Re: [PATCH v15 17/23] x86/kexec: Flush cache of TDX private memory

From: Dave Hansen
Date: Mon Nov 27 2023 - 15:06:06 EST


On 11/27/23 11:33, Huang, Kai wrote:
> On Mon, 2023-11-27 at 10:13 -0800, Hansen, Dave wrote:
>> On 11/9/23 03:55, Kai Huang wrote:
>> ...
>>> --- a/arch/x86/kernel/reboot.c
>>> +++ b/arch/x86/kernel/reboot.c
>>> @@ -31,6 +31,7 @@
>>> #include <asm/realmode.h>
>>> #include <asm/x86_init.h>
>>> #include <asm/efi.h>
>>> +#include <asm/tdx.h>
>>>
>>> /*
>>> * Power off function, if any
>>> @@ -741,6 +742,20 @@ void native_machine_shutdown(void)
>>> local_irq_disable();
>>> stop_other_cpus();
>>> #endif
>>> + /*
>>> + * stop_other_cpus() has flushed all dirty cachelines of TDX
>>> + * private memory on remote cpus. Unlike SME, which does the
>>> + * cache flush on _this_ cpu in the relocate_kernel(), flush
>>> + * the cache for _this_ cpu here. This is because on the
>>> + * platforms with "partial write machine check" erratum the
>>> + * kernel needs to convert all TDX private pages back to normal
>>> + * before booting to the new kernel in kexec(), and the cache
>>> + * flush must be done before that. If the kernel took SME's way,
>>> + * it would have to muck with the relocate_kernel() assembly to
>>> + * do memory conversion.
>>> + */
>>> + if (platform_tdx_enabled())
>>> + native_wbinvd();
>>
>> Why can't the TDX host code just set host_mem_enc_active=1?
>>
>> Sure, you'll end up *using* the SME WBINVD support, but then you don't
>> have two different WBINVD call sites. You also don't have to mess with
>> a single line of assembly.
>
> I wanted to avoid changing the assembly.
>
> Perhaps the comment isn't very clear. Flushing cache (on the CPU running kexec)
> when the host_mem_enc_active=1 is handled in the relocate_kernel() assembly,
> which happens at very late stage right before jumping to the new kernel.
> However for TDX when the platform has erratum we need to convert TDX private
> pages back to normal, which must be done after flushing cache. If we reuse
> host_mem_enc_active=1, then we will need to change the assembly code to do that.

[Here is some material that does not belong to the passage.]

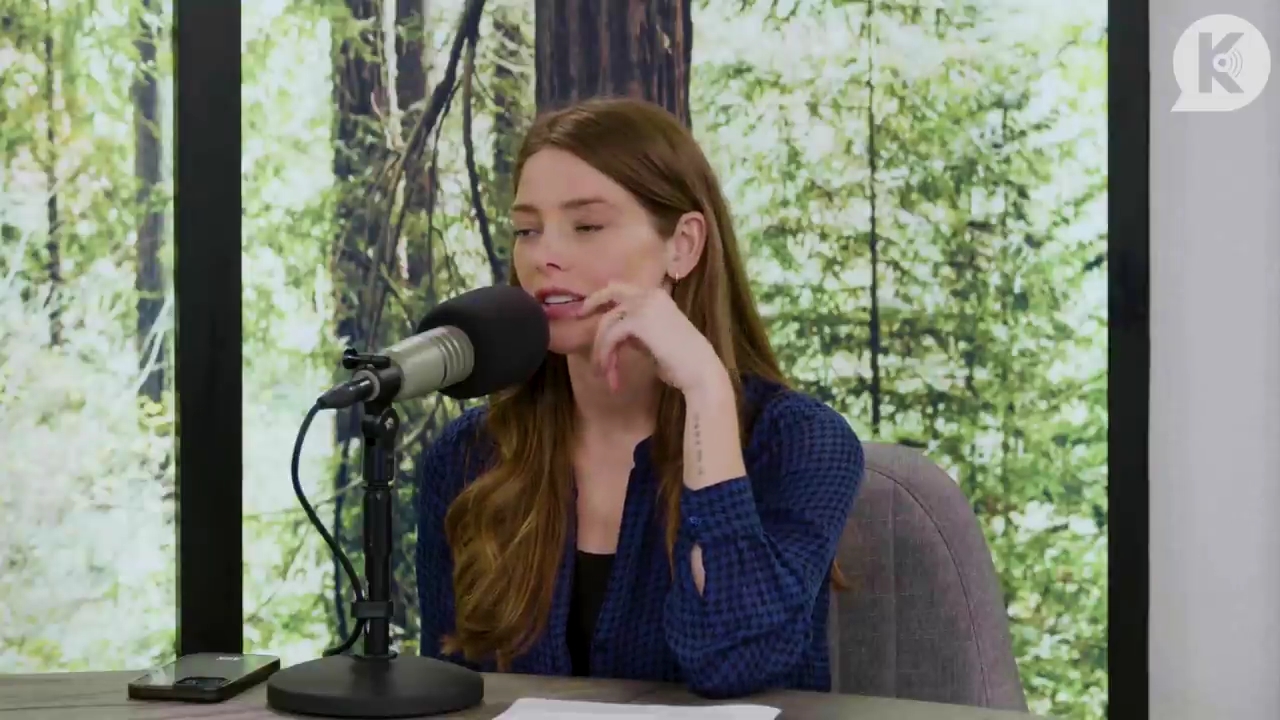 Ashley-Greene-dot-nl_TheTwilightEffectPostcast-Aflevering9NewMoonRewatchPart3of3-1320.jpg Ashley-Greene-dot-nl_TheTwilightEffectPostcast-Aflevering9NewMoonRewatchPart3of3-1320.jpg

I honestly think you need to stop thinking about the partial write issue
at this point in the series. It's really causing a horrible amount of
unnecessary confusion.

Here's the golden rule:

The boot CPU needs to run WBINVD sometime after it stops writing
to private memory but before it starts treating the memory as
shared.

On SME kernels, that key point evidently in early boot when it's
enabling SME. I _think_ that point is also a valid place to do WBINVD
on no-TDX-erratum systems.

On TDX systems with the erratum, there's a *second* point before the
private=>shared conversion occurs. I think what you're trying to do
here is prematurely optimize the erratum-affected affected systems so
that they don't do two WBINVDs. Please stop trying to do that.

This WBINVD is only _needed_ for the erratum. It should be closer to
the actual erratum handing.